Introduction: Susuwatari Gremlin Truffles
***Some susuwatari went out of the cage and found the candy!!! And it's passed midnight....***
*** Once they are back in the cage something is changing...and now they are white and wicked!!***
*** They madden the other ones, now all of them want candy!!!***
*** The candy craving is too strong......With the axe they break the cage and now they are completely free***
*** RUN!! there is just one way to win this battle...its time to play hard and......eat them!!!***
(hehehe, I'm not the best storyteller ^^') *There you have a caption of the film so you can see how adorably cute these originally are!
I love all Studio Ghibli films. The first one I saw was "Spirited away" and I remember the feeling it left on me, like an imprint. My favourite characters were Haku, No-face and the soot sprites, also known as susuwatari; they are the cutest thing ever!!! just little balls of coal dust running around, and going mad for some candy!!! I also love the film "My neighbor Totoro" (Totoro is soooo fluffy!!) and when I saw them in that film too, I just fell completely in love with them!
So this dessert is centered on them, but with a wicked twist; since they have this craving for candy, and since I love the movie "Gremlins" I made a mix of both things and I got my Susuwatari Gremlins!! So I think it's better to keep them in a cage, just in case things start to get out of hands..........
But even if they seem real, you have nothing to fear, because they are just White chocolate vanilla truffles and dark chocolate truffles! If you want to make this cute-creepy-delicious and deceptive dessert, keep reading!
(P.S: I had to make them in my student apartment, so forgive the lack of professionalism of some photos and "techniques"; I just had a pair of pics taken at home, but I hope you like it anyway!!!)
Step 1: Step 1: Making the Truffles
The first thing to start this dessert is making the truffles. For that, we will make a batch of white truffles, and another batch of dark truffles. Keep in mind that these will be pretty big once they are finished, so you won't get a lot of truffles per batch.
Ingredients (White chocolate truffles)
-100g of white chocolate (I bought lindor because it's a very rich chocolate, and it was on sale at the supermarket, but it will work with any chocolate brand)
-30ml of whipping cream
-15g of butter (room temperature)
**This will make like 4 big truffles
For the making process:
1. In small saucepan, pour the whipping cream and over low heat, heat until cream comes to a simmer, stirring occasionally.
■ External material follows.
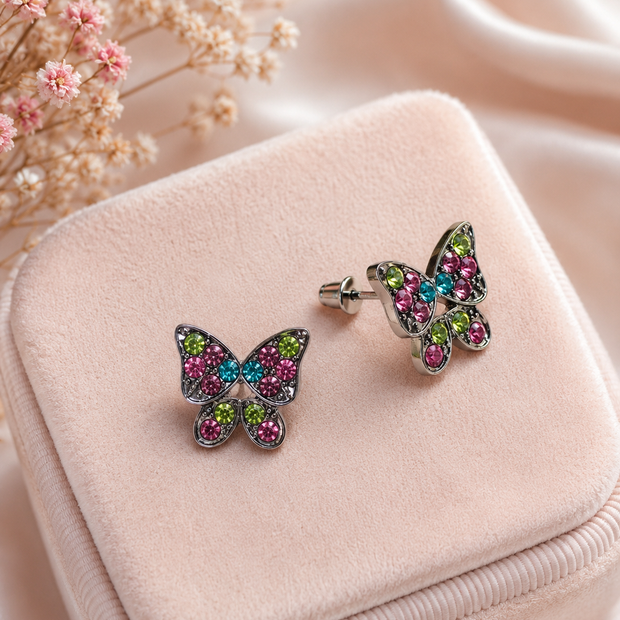A pair of butterfly-shaped stud earrings with silver-toned metal and pink, green, and blue rhinestones, displayed on a light pink velvet jewelry box with dried flowers in the background.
2. In a glass bowl combine the white chocolate and butter and place this white chocolate mixture over a pot of warm water on low heat (water should not touch bottom of bowl), what is called "Baño maría". Stir the mixture frequently just until almost melted.
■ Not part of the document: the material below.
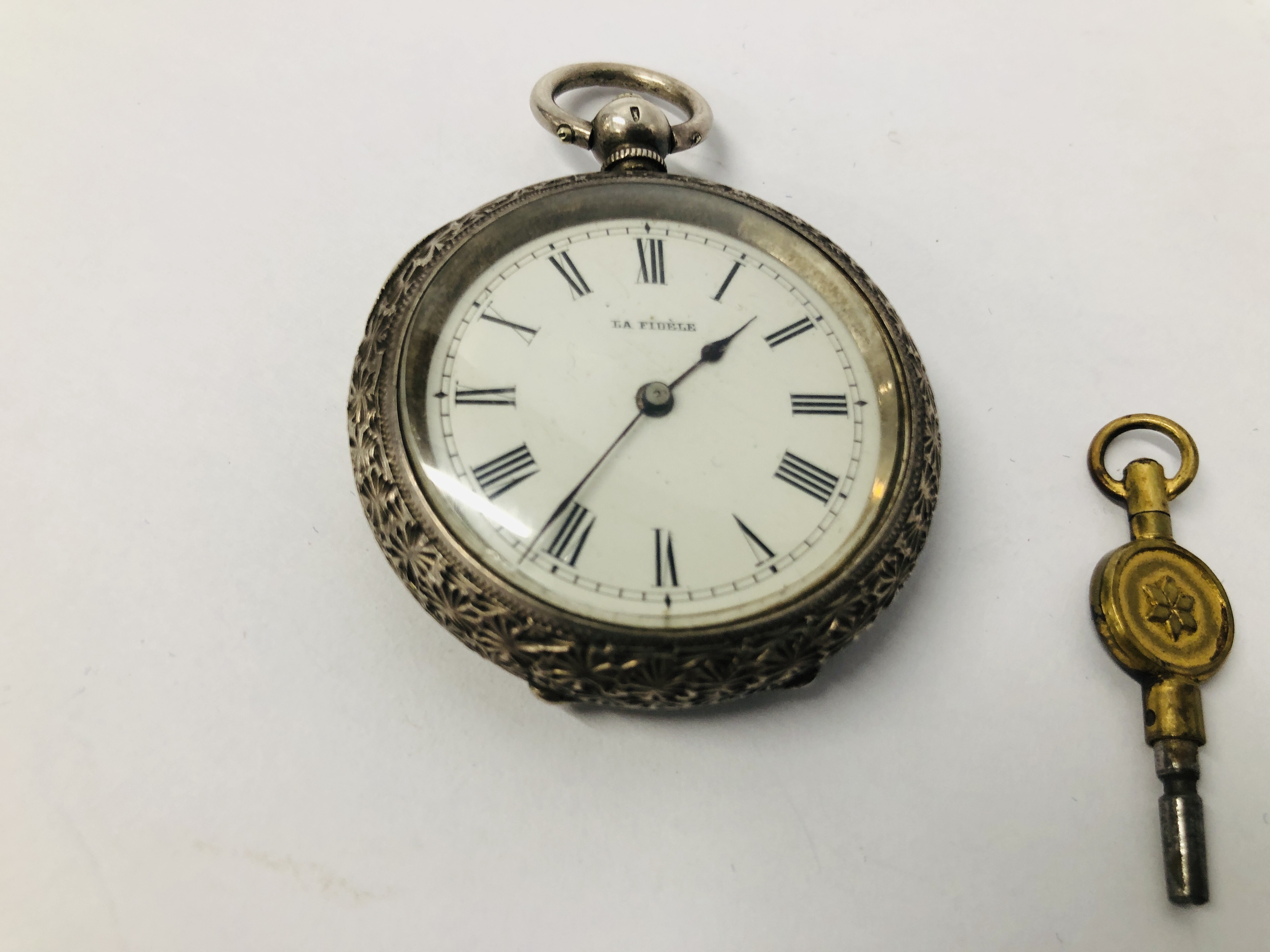 VINTAGE ORNATE SILVER POCKET WATCH MARKED "LA FIDELE", ENAMELLED DIAL AND WINDER / KEY. - Image 3 of 9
3. Add the whipping cream to the mixture, and combine with the almost melted chocolate mixture. Stir until the everything is melted, homogeneous and smooth.
4. Chill at least 4 hours, covering tightly when cold. This way the mixture (which is like a similar white chocolate ganache) will set firm enough to make the truffles.
5. Once the time has passed, using a tablespoon, form balls of about 2,5-3cm diameter from the cold truffle base. Start rolling the small spoons of ganache between your hands until a ball is formed. Wrap each of them in cling film, and place them in the fridge or freezer again and let them cool until you need them.
Ingredients (Dark chocolate truffles)
-200g of dark chocolate (I bought lindor too)
-50ml of whipping cream
-50g of butter (room temperature)
-3tbsp of icing sugar
-1tbsp of cocoa powder
**This will make like 9 big truffles
For the making process:
1. In small glass bowl, pour the whipping cream and the chocolate, and place this mixture over a pot of warm water on low heat (water should not touch bottom of bowl), what is called "Baño María". Stir the mixture frequently just until almost melted and set aside.
2. In a glass bowl combine the icing sugar and butter until everything is integrated. Then, add the cocoa powder and keep stirring until the mixture is homogeneous.
3.Take the chocolate mixture (slightly cooled but still melted), and start pouring it over the butter mixture, slowly, and stirring frequently until both mixtures are fully combined.
4. Place this mixture over a pot of warm water on low heat (water should not touch bottom of bowl), what is called "Baño María" again. Stir the mixture frequently and once everything looks smooth and silky, set aside.
4. Chill at least 4 hours, covering tightly when cold. This way the mixture (which is like a similar chocolate ganache) will set firm enough to make the truffles.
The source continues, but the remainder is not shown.